Well summer weather has arrived in the GTA, it feels almost as if we bypassed spring and went right into summer, which I personally don’t mind at all! Those who do mind however; are my dogs!
When Dupont was alive, he hated the heat, so much so I would get his lovely long coat shaved down every spring so he could continue to enjoy his hikes and not get slowed down by the heat. As he aged and his mobility became more of an issue than the heat, I kept his fur in tact and we would just head to the nearby creek for a dip in the cool water before laying down under a tree in the shade.
In October 2014, I unexpectedly found myself adopting Flipflop. Oh what a dream, I thought, a dog from Bahamas would surely love the summer and hate the bitter cold winters we have here!
I was surprised when I saw that Flipflop, even as a puppy, didn’t mind the cold at all, he loved being out in the snow and using his Frisbee as a toboggan to slide down hills (he was much smaller than he is now his first winter!). Sadly, Dupont passed away that winter, and although to say I missed him is a huge understatement, I also knew life had to go on. So as winter left I geared up with excitement that Flipflop and I would have such a wonderful summer with long walks in the glorious sunshine.
It was that summer I learned that just because a dog is from a warm climate, does not mean they enjoy a warm climate! Flipflop hated the heat and to make it even worse, he was petrified of water, a fear he grew out of his second summer and now enjoys romps in the creeks and lakes on our summer outings.
Unlike Dupont, Flipflop all ready has a short coat so shaving him to make him comfortable wasn’t an option. So, I started a new summer routine, one we still use 3 years later, in the mornings before the extreme heat arrives, we go for a long walk and enjoy rolls in the grass and take our time exploring the neighbourhood. As the temperture rises and heat increases Flipflop is in the comfort of his air conditioned home and quite content. And the rest of the day consists of quick outings to relieve himself and if he insists, a little layout under the shade of a tree.
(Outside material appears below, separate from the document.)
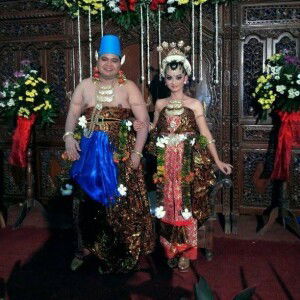 Christya Ningrum profile icon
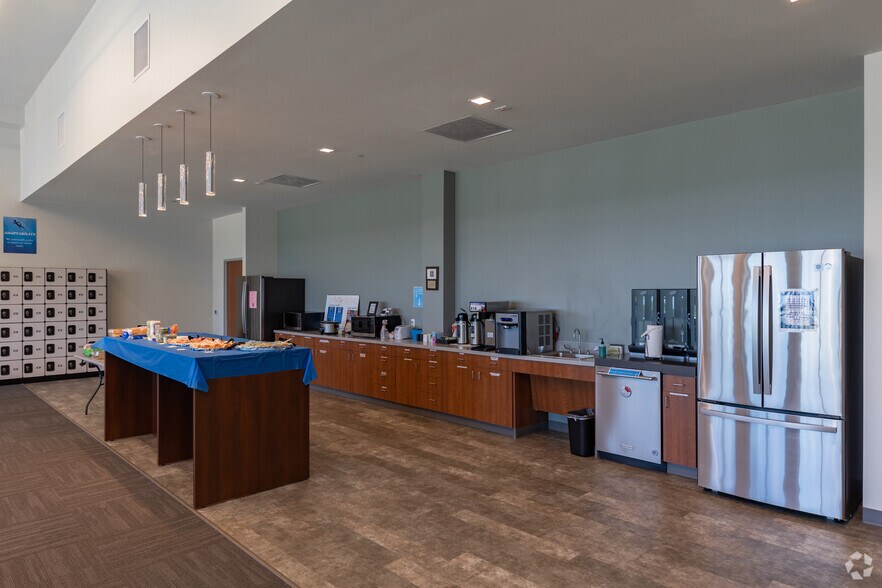 More Photos Of 8917 Louetta Rd, Spring Office For Lease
Something he does that is so similar to how I spent so many days with Dupont, it warms my heart.
Dahlia, from Florida, is also anti-heat and an older dog. Dahlia doesn’t care to be outside if the temperature is above 15 degrees, this makes her a lot more challenging to work with. But just like with Dupont and with Flipflop, I found a technique that works for her. Dahlia comes out with us in the morning for a short walk, usually about 20 minutes, long enough for her to relieve herself and lay in the grass. Then we walk her back home, where she happily runs to her bed and Flipflop (and foster if there is one) and I continue our walk.
It’s not ideal on weekday mornings when I have to get to work, but I know the importance of not forcing a dog to be out in the heat, especially if they are sensitive to it.